実は、ひたすら地図を渡して解説をしているようなものです。

提供している情報が、
「相手の土地勘のない土地の広くかつ詳細な地図」なのか、
「相手の土地勘のないパソコン操作の広くかつ詳細な地図」なのか、
それだけの違いです。

で、相手の脳をパンクさせる。

受講生は、情報をたくさんつめこまれて頭がパンクしたことに、一時的な快楽を感じている。
で、受講後のアンケートには、「たくさん情報をもらいました!いつか活用します!すごい財産です!」というようなことを書く。

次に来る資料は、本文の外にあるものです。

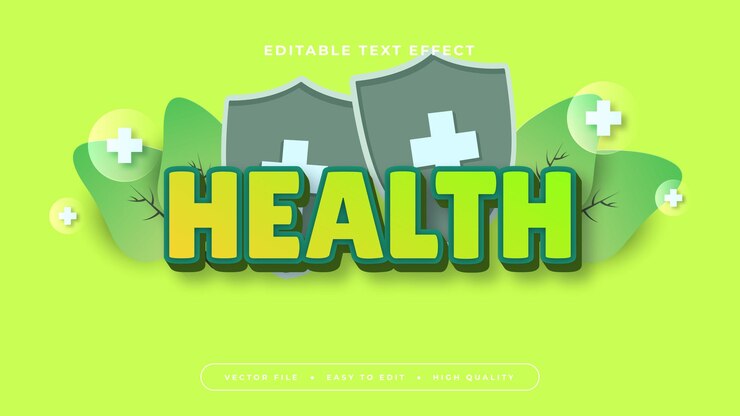 Vector verde amarillo y azul salud estilo de fuente de efecto de texto editable en 3d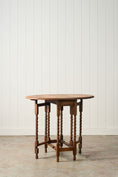 Load image into Gallery viewer, Antique English Barley Twist Blonde Oak Drop Leaf Table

人事担当者は、「あ、じゃあ、まあ、いい研修だったのかな」と思う。
でも、その受講生には何も残らない。

では、どうするのか?
その土地について紹介したいなら、地図を渡して一方的に説明するのではなく、
「ガイドつきツアーを企画して、お連れする」
というのがいちばん簡単、確実。

まずは、とても簡単な地図を渡す。
最初は概略図でOK。
そして、その地図を見ながら、お客さんと一緒に歩きます。

地図だけではピンとこなかったことも、実際に歩いてみるとよく分かります。
平面的だった情報が、立体的な体験になる。

そうしたら、地図を、少しだけブラッシュアップ。
地図を少し描きこむ。
「ついでに言うと、この近くには、こんな建物もあってね」と。
「それ、行ってみたい!」ということであれば、お連れします。

そしたら、その方の興味に合わせて、また地図への描きこみを増やして
「それじゃ、こんなのはどう?あなたに関係ありそうだけど」
「ああ、興味ありますあります!」
「じゃ、行きましょう ヾ(´ー`)ノ 」

…と、そんな感じ。

地図を渡したら、体験してもらう。
そして、体験した土地だからこそ分かることを、また地図に描きこむ。そしてまた体験してもらう。
ときには、ガイドはわざと姿を消して、地図を見ながら、一人で歩いてもらう。
そんなことをしつつ、でも、実は、僕が「ここは抑えたい!」と思っていた街の重要ポイントには、さりげなく、すべてお連れしている。

ツアーが終わったあと、
「もう、この街、私、ひとりで歩けます!」
「小川さんにいちいち聞かなくても、分からないことは自分で調べて歩けそうです!」
と行ってもらえれば、ツアーの本当の目的は達成です ヾ(´ー`)ノ

これが、人に情報を伝えるときの、本当のやり方です。

パソコンショートカットキーを教えるときも、同じです。
パソコンショートカットキーについての情報(地図)をお渡しする。
最初は最低限でオーケー。
そうしたら、ともあれ、実際に体験してもらう。
体験した人でないとピンと来ないような情報(地図)は、それからお渡しする。
そうしたら、また、体験してもらう。
ときには、ひとりで地図をみながらさまよってもらう。

そうこうしているうちに、ひとり歩きできるだけの情報が揃ってくる。
だいたいのことは、ショートカットキーでできるようになる。
知らないショートカットキーも調べてすぐに自分のものにできるようになる。

僕がお伝えしたかったポイントをひととおり抑えたら、講座は終わり。
あとは、ご自身でどんどん上達してください ヾ(´ー`)ノ

ということです。

今回紹介したコメントの件。

小川先生の「つぶやき」とても共感できます。
いずれかの動画の作業をされていてミスを修正される時のつぶやきなどニヤニヤしてしまいます。

ということですが…。
実は、僕が用意した演習の回答見本動画では、失敗のない「キレイで上手なお手本」だけでなく、僕が途中で軽くハマっちゃったりしている様子をそのまま収録している動画もけっこうあります。

なぜか?というと、それは、話は簡単。

理由のひとつは、ハマりからリカバリーする様子の動画を見ると、「なんだ、小川先生でも、しょっちゅうハマるじゃない(じゃ、自分がハマっても、別にいいんだな)」と、安心してもらえること。

プログラムを書く: 完璧に行動する
パソコン得意な人: 完璧に行動する

みたいな思い込みを持っている人が世の中多いです。
その思い込みをはずしてもらうこと。

あと、もうひとつ理由があります。
それは、「ハマったときの対応の様子を生収録したもの」って、上で書いた「ひとり歩き」のときに役に立つから、ということです。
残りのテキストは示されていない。